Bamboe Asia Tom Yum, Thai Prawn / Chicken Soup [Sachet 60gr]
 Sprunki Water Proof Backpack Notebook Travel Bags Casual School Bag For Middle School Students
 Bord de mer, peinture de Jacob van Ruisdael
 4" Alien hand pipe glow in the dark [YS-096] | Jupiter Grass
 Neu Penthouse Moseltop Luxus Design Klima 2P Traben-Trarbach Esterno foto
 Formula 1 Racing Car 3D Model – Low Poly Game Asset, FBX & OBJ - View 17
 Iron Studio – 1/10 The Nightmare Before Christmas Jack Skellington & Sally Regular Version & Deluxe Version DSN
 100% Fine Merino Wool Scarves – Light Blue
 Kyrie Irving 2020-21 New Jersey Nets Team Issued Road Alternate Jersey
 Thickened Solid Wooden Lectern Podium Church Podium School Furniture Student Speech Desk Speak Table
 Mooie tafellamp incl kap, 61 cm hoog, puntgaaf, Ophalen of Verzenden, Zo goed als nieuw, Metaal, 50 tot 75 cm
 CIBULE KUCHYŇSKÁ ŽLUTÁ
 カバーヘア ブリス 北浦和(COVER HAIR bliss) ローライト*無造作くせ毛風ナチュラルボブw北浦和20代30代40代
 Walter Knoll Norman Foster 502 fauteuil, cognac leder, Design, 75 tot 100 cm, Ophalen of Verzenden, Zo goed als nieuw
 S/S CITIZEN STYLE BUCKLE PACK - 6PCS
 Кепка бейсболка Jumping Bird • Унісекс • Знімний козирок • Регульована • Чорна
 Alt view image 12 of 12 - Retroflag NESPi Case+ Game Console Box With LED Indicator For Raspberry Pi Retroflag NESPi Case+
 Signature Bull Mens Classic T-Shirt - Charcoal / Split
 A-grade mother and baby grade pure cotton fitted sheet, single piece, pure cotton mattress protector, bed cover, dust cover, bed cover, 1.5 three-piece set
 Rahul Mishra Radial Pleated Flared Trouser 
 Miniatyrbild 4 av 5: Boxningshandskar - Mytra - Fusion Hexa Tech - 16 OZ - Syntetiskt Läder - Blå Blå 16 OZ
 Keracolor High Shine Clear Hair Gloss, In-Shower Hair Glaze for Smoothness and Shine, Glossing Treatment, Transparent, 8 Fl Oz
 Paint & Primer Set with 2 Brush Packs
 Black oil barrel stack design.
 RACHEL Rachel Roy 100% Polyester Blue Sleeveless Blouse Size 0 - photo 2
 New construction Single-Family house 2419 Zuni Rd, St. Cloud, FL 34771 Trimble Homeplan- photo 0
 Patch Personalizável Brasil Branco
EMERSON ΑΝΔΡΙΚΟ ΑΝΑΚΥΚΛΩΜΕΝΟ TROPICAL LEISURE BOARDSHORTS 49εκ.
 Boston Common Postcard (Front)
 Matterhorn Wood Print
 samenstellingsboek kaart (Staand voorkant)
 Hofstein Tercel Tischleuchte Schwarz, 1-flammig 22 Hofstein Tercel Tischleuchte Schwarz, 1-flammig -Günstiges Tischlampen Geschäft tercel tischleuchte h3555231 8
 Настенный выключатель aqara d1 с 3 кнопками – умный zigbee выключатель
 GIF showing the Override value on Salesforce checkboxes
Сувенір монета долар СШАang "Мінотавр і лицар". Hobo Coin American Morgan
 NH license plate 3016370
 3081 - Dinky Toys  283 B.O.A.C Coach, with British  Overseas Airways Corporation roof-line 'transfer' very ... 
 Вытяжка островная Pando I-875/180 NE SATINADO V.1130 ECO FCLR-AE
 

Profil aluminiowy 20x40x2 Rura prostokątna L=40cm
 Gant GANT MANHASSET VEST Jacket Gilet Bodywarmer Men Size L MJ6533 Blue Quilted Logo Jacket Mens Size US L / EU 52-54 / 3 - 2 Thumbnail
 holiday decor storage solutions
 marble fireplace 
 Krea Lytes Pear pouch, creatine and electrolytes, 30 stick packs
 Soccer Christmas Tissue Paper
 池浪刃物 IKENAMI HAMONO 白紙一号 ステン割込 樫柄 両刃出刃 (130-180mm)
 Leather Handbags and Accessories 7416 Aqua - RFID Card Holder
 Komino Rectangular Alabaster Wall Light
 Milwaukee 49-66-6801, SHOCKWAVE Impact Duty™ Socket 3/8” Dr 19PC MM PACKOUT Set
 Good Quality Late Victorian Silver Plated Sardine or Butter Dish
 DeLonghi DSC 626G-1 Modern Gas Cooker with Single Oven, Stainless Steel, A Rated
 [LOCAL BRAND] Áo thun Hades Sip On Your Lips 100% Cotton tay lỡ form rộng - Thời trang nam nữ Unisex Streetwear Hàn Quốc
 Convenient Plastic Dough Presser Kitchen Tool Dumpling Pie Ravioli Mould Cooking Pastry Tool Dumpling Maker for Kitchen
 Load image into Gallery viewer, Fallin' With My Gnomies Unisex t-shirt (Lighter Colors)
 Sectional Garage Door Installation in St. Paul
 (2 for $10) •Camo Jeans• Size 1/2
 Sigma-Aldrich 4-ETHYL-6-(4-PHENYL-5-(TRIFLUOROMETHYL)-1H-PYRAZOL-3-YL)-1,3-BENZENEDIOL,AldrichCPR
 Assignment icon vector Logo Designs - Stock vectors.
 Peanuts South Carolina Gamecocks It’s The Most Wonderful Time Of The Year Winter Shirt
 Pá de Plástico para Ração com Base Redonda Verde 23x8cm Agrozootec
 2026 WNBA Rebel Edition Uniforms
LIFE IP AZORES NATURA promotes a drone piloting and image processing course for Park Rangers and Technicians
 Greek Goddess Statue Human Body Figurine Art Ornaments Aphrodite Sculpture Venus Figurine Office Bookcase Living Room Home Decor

++++++

• _Aim of the exercise_: Both the line containing "Profil aluminiowy 20x40x2" and the line containing "Komino Rectangular Alabaster Wall Light" belong in the answer. Print them and every line above that falls between them exactly, and no others.

• _Solved exercise_:
Profil aluminiowy 20x40x2 Rura prostokątna L=40cm
 Gant GANT MANHASSET VEST Jacket Gilet Bodywarmer Men Size L MJ6533 Blue Quilted Logo Jacket Mens Size US L / EU 52-54 / 3 - 2 Thumbnail
 holiday decor storage solutions
 marble fireplace 
 Krea Lytes Pear pouch, creatine and electrolytes, 30 stick packs
 Soccer Christmas Tissue Paper
 池浪刃物 IKENAMI HAMONO 白紙一号 ステン割込 樫柄 両刃出刃 (130-180mm)
 Leather Handbags and Accessories 7416 Aqua - RFID Card Holder
 Komino Rectangular Alabaster Wall Light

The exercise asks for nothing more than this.